======== Records supplied ========
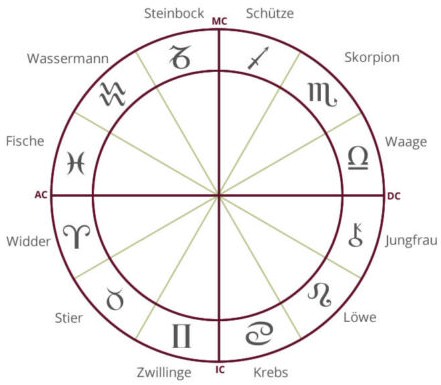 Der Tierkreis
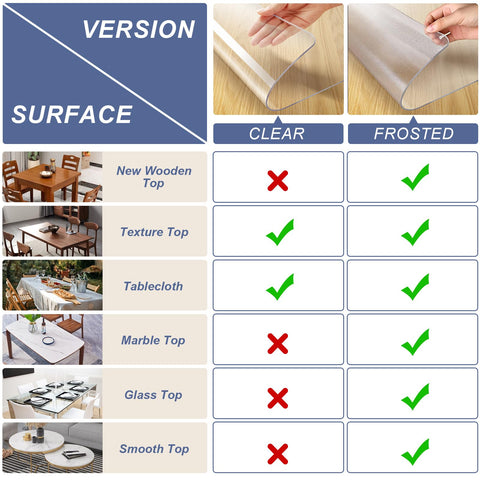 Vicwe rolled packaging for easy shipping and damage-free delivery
========
======== Records supplied ========
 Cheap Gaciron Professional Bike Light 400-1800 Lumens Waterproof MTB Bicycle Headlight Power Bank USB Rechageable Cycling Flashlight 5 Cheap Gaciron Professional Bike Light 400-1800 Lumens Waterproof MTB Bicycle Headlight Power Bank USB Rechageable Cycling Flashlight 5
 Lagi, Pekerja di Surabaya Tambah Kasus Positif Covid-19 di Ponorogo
========
# Directions
Find the line with "Der Tierkreis" in the data above, and from there retype each line exactly through the line with "Vicwe rolled packaging", skipping the pictures along the way.

# The completed task
 Der Tierkreis
 Vicwe rolled packaging for easy shipping and damage-free delivery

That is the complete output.